##### Extracted information
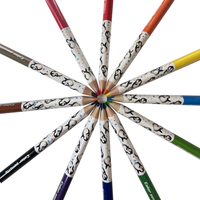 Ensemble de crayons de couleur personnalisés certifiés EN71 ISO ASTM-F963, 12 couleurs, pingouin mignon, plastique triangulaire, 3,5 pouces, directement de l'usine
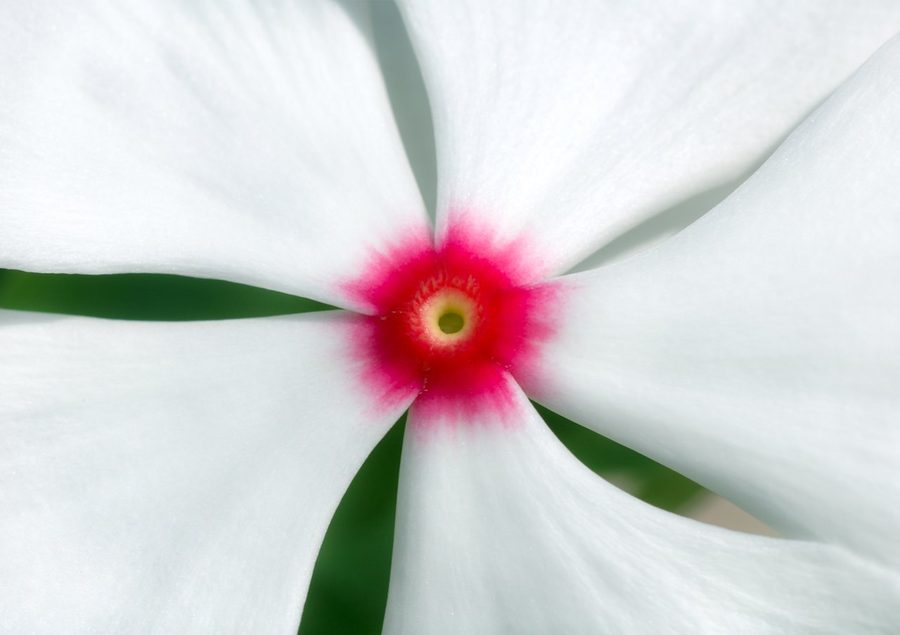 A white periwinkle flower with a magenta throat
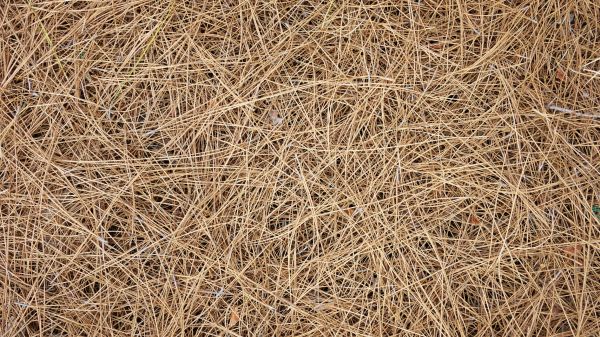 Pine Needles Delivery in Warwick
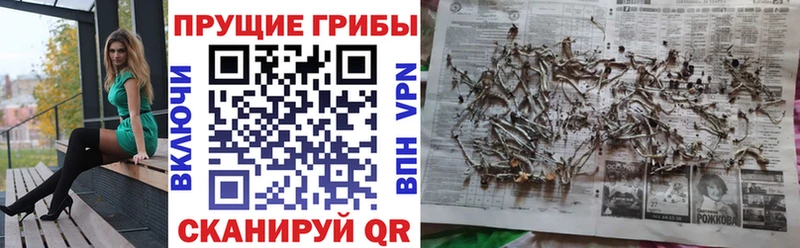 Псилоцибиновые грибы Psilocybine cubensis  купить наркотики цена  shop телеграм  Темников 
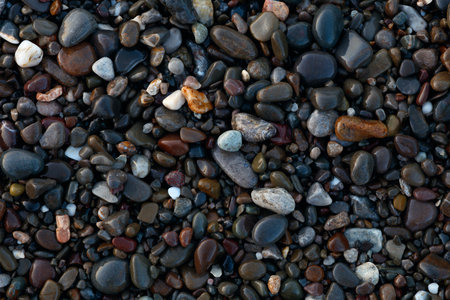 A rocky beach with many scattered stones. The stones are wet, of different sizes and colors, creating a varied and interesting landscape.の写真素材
##########
When you copy the entries, keep every word exactly as it stands and drop any pictures.

* _Answer to this exercise_
 Ensemble de crayons de couleur personnalisés certifiés EN71 ISO ASTM-F963, 12 couleurs, pingouin mignon, plastique triangulaire, 3,5 pouces, directement de l'usine
 A white periwinkle flower with a magenta throat
 Pine Needles Delivery in Warwick
 Псилоцибиновые грибы Psilocybine cubensis  купить наркотики цена  shop телеграм  Темников 
 A rocky beach with many scattered stones. The stones are wet, of different sizes and colors, creating a varied and interesting landscape.の写真素材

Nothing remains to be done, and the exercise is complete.